--- Entries shown Enclosed Below ---
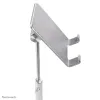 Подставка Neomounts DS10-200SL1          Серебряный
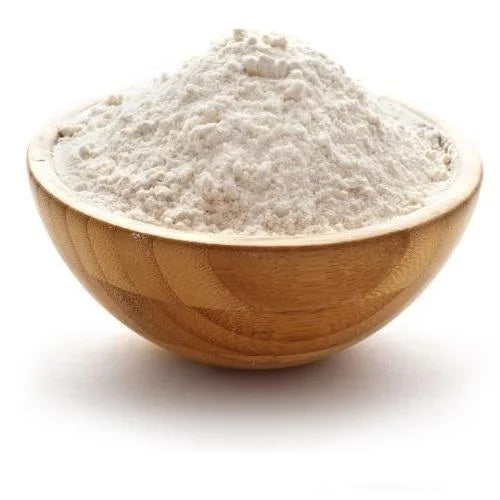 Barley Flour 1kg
--- End of Enclosed Entries shown ---
--- Entries shown Enclosed Below ---
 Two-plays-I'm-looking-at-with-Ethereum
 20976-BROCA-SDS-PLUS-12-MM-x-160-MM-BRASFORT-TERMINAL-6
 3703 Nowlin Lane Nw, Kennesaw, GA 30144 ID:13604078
--- End of Enclosed Entries shown ---
--- Task directions ---
Quote the data above from the line containing "Two-plays-I'm-looking-at-with-Ethereum" to the line containing "3703 Nowlin Lane", inclusive, and stop.

--- Result of this exercise ---
 Two-plays-I'm-looking-at-with-Ethereum
 20976-BROCA-SDS-PLUS-12-MM-x-160-MM-BRASFORT-TERMINAL-6
 3703 Nowlin Lane Nw, Kennesaw, GA 30144 ID:13604078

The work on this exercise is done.